Natalia Ginzburg foi a um povoado dos Abruzos esconder-se da Guerra. Leone morreu executado pelas forças de Mussolini, como tantos outros, no cárcere de Regina Coeli. Tinham três filhos. Quando findou os conflitos, ela foi morar em Roma; começou a publicar seus livros e a participar na política com entusiasmo renovado. Todos esses elementos não serviriam de outra maneira à escritora se não na construção de uma obra cuja memória fosse uma questão primária e necessária.

Há um cenário simbólico que explica aqueles anos: o traforo  Umberto I, o túnel que atravessa, revestido de branco, a colina do Quirinale em Roma. Ali, como cristãos antigos, se reunia um grupo de antigos resistentes que haviam migrado do comunismo e se aproximavam de uma nova esquerda que já não era marxista e que se expressava através do Partido d’Azione. Naquele núcleo, Ginzburg acreditou ver um novo mundo, uma Itália “clara, linear e simples”. Ferruccio Parri, seu líder, chegou a integrar o Governo em 1945, mas não aguentou nem um ano no poder. A Democracia Cristian previu sua debilidade e o deixou cair.

Aquele desengano foi uma das grandes decepções vitais de Ginzburg, que se recolheu em sua casa de Piazza Campo Marzio; quando já era uma anciã venerável, alguém quis convertê-la em senadora do Partido Radical. A escritora se deixou, ainda com a expressão de ligeira indiferença.

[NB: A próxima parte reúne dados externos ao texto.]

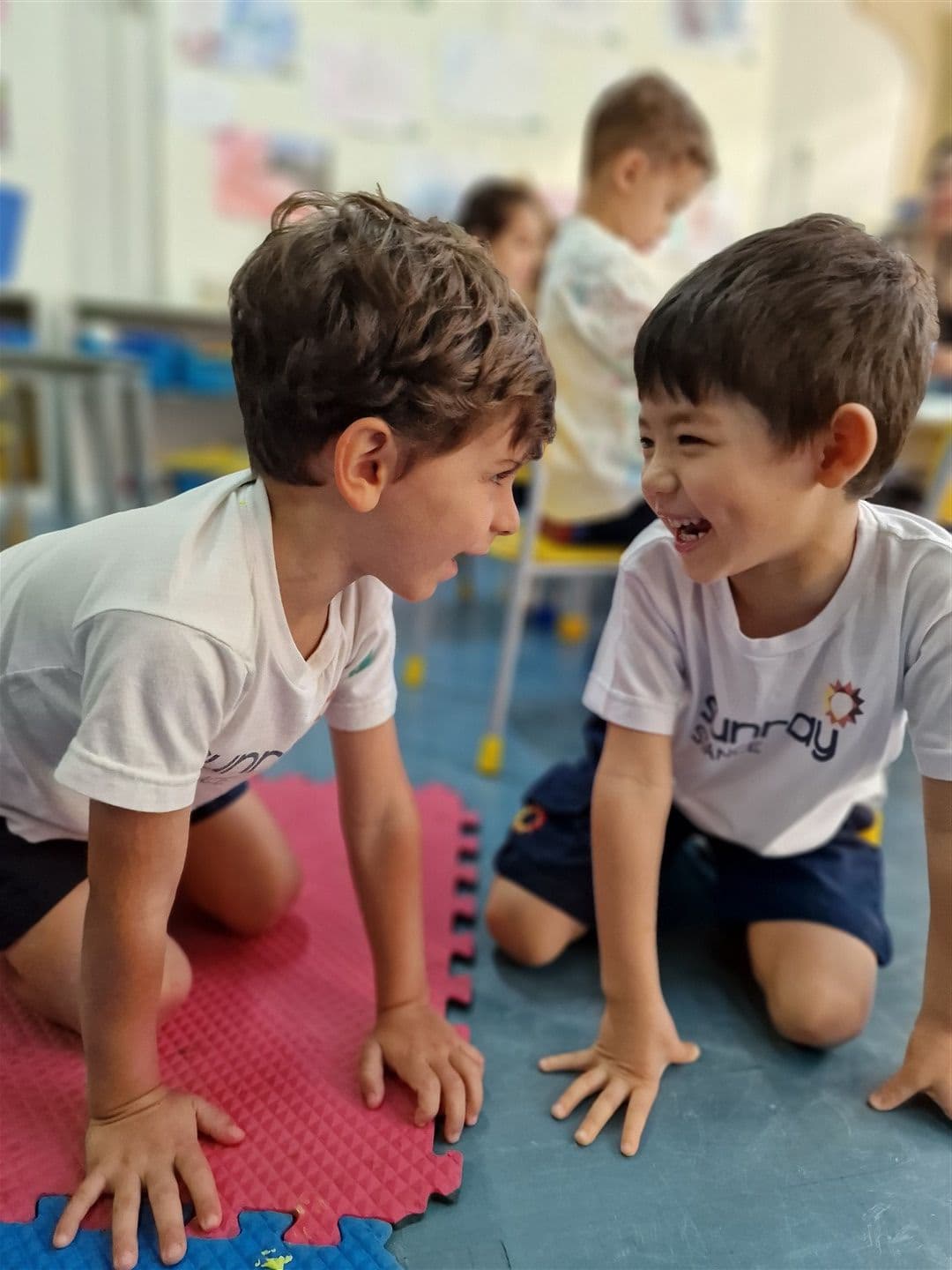 Dois meninos ajoelhados no tapete da sala de aula, frente a frente, rindo juntos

Por que ler Natalia Ginzburg?

Como lembra Patricia Peterle “A narrativa de Natalia Ginzburg, apesar da sua singularidade, acompanha os movimentos tortuosos das manifestações artísticas do entreguerras e do crucial período posterior à década de 1940. Memórias, ensaios, uma prosa ou um texto teatral [de uma figura que foi atriz em produções de Pier Paolo Pasolini] revigorantes, uma escritura nítida preocupada com as ações e os gestos cotidianos. Num panorama pelos seus escritos, passa-se de um neorrealismo inicial, presente nos primeiros romances, para uma narração mais vigorosa que aos poucos vai sendo aprendida e construída, fruto das experiências de mundo e daquelas vivenciadas em primeiro plano. Preocupações íntimas, mas também relacionadas à essência do ser humano, perfiladas pelo toque e pela sensibilidade do seu olhar e testemunho”.